Your goal: Give the entries again exactly. Skip the pictures.

Short web captions:
--- START ---

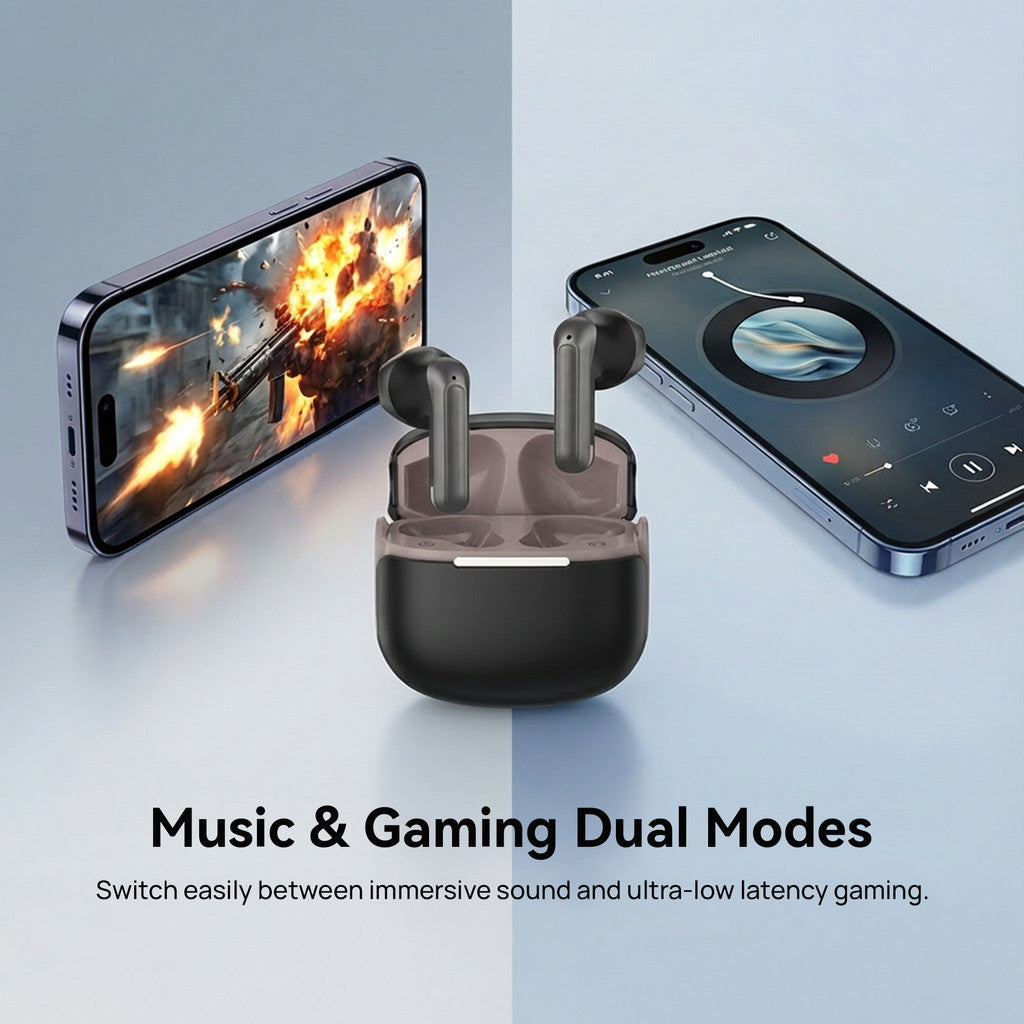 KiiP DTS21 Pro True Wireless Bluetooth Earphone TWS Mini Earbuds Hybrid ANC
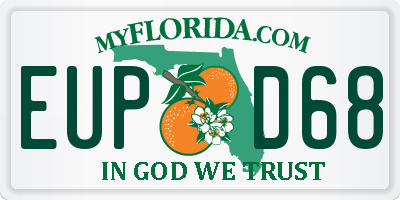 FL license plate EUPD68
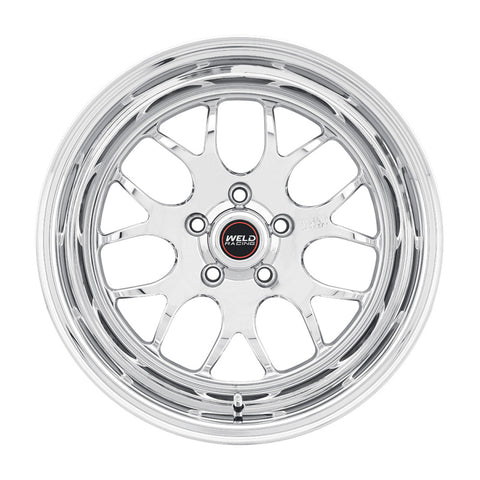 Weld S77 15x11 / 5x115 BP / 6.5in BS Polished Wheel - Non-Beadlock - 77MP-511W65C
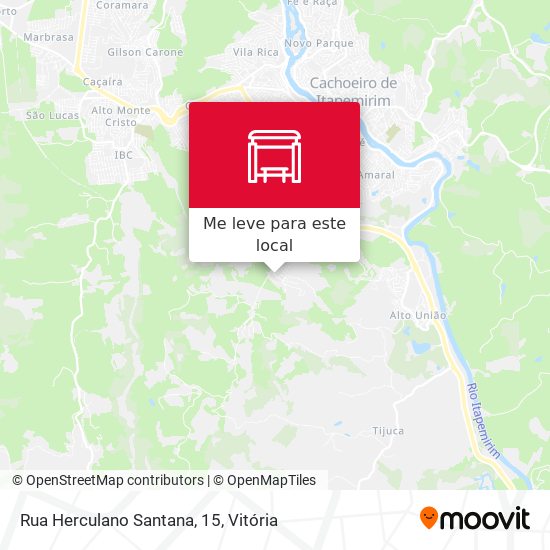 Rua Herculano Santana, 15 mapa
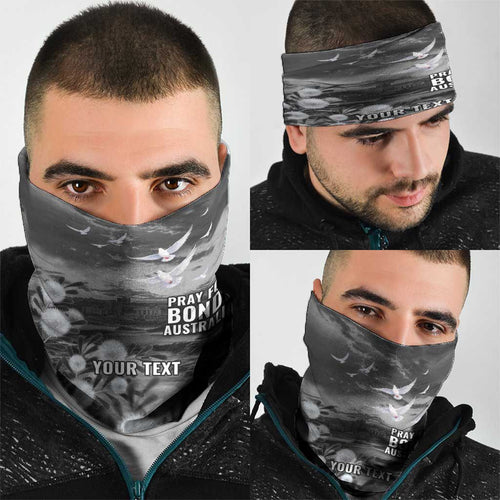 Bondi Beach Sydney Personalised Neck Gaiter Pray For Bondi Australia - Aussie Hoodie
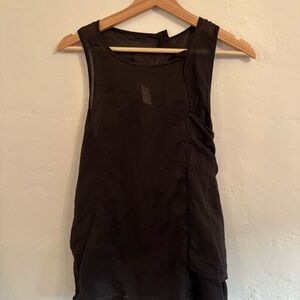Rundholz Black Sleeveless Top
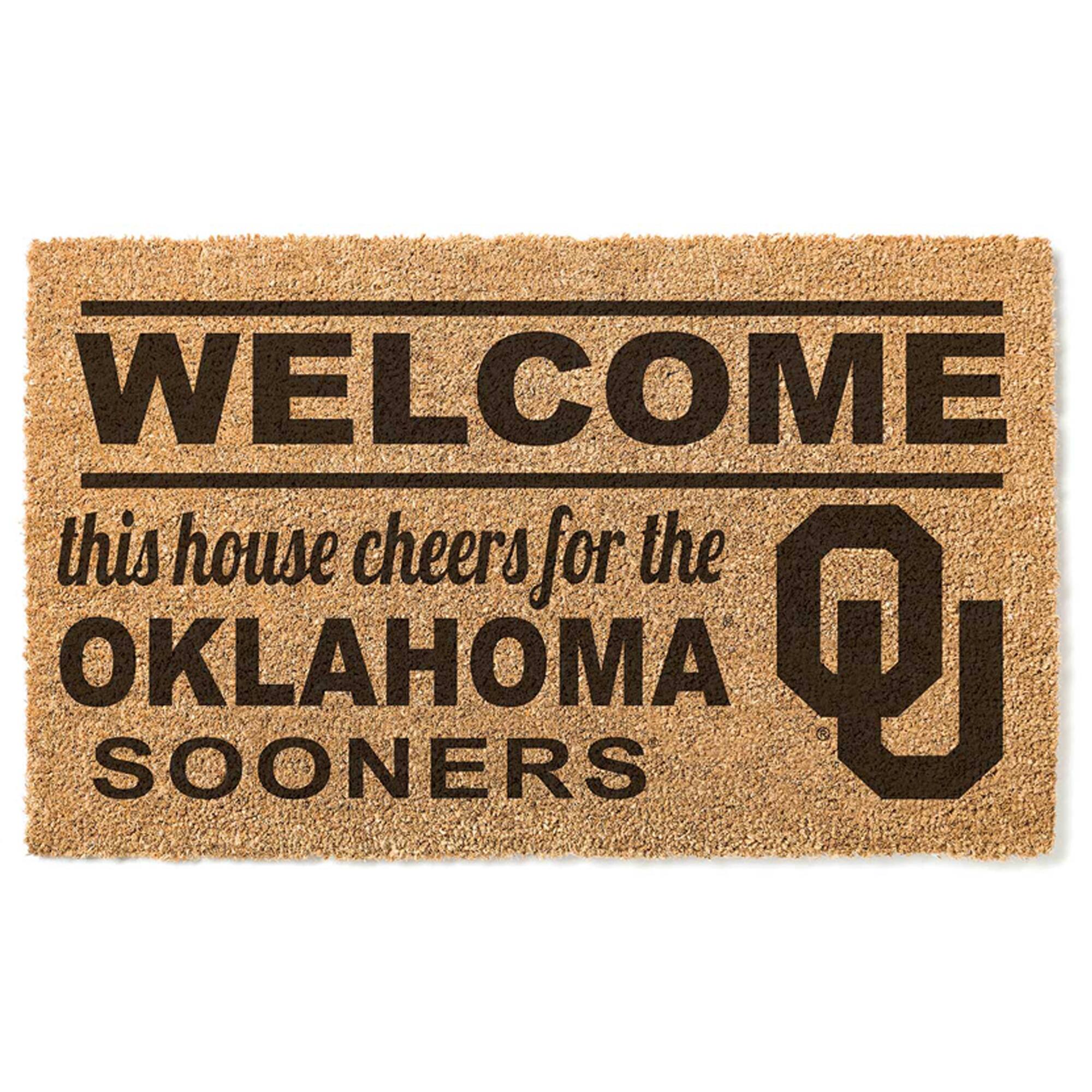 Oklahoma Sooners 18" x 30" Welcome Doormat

--- END ---

Answer below:
 KiiP DTS21 Pro True Wireless Bluetooth Earphone TWS Mini Earbuds Hybrid ANC
 FL license plate EUPD68
 Weld S77 15x11 / 5x115 BP / 6.5in BS Polished Wheel - Non-Beadlock - 77MP-511W65C
 Rua Herculano Santana, 15 mapa
 Bondi Beach Sydney Personalised Neck Gaiter Pray For Bondi Australia - Aussie Hoodie
Rundholz Black Sleeveless Top
 Oklahoma Sooners 18" x 30" Welcome Doormat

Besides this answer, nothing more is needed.